If you can balance the lift and speed you get an effect that must be something 
like the old horse boats riding they wave. We managed it a bit on 1" ice and 
found that once you accelerated onto the ice and got the lift you could 
throttle back to near tickover and fly along until conditions changed. The best 
effect at this time was the ice in Grub Street singing for hundreds of yards in 
front. But, as you say on the thick more exposed bits the poor prop took a real 
hammering with us even having to back and ram on Sheldon. Luck that was a hire 
boat and they gave us permission to proceed!

--- On Fri, 1/9/09, Bruce Napier <[email protected]> wrote:

From: Bruce Napier <[email protected]>
Subject: Re: [canals-list] Re: ice
To: [email protected]
Date: Friday, January 9, 2009, 2:21 PM

On 9 Jan 2009, at 13:11, Adrian Stott wrote:

> The hull blacking
> along the waterline near the bow was scraped off, but the steel
> (nominally 6 mm thick) appeared to be unaffected.
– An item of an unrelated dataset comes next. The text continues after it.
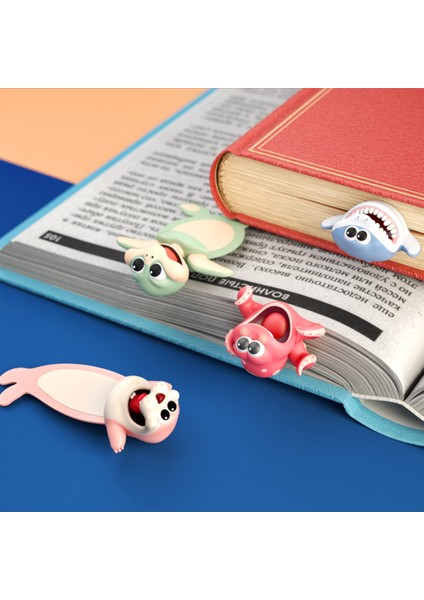Eşek Tarzı Yeni 3D Çizgi Film Komik Kitap Ayraçları Sevimli Hayvan Stili Ayraçlar Kırtasiye Pvc Kedi Fok Ahtapot Okyanus Serisi Hediye Okul Malzemeleri (Yurt Dışından) fiyatları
AIUI, damage to steel is unlikely, but there is a risk of excess wear  
on the drive train if you make a habit of ice breaking, as a result  
of using the prop as an ice grinder.

Came up from Alrewas to Fradley yesterday in quite heavy ice - the  
first time I've felt Sanity's bow lift as she rode up onto the sheet  
briefly. Lost some blacking, mainly from the rubbing strake where it  
cuts the water on the shoulder of the bow, but no damage to the steel.
末
All the best

Bruce

There are no strangers on the cut, only boaters we've yet to meet.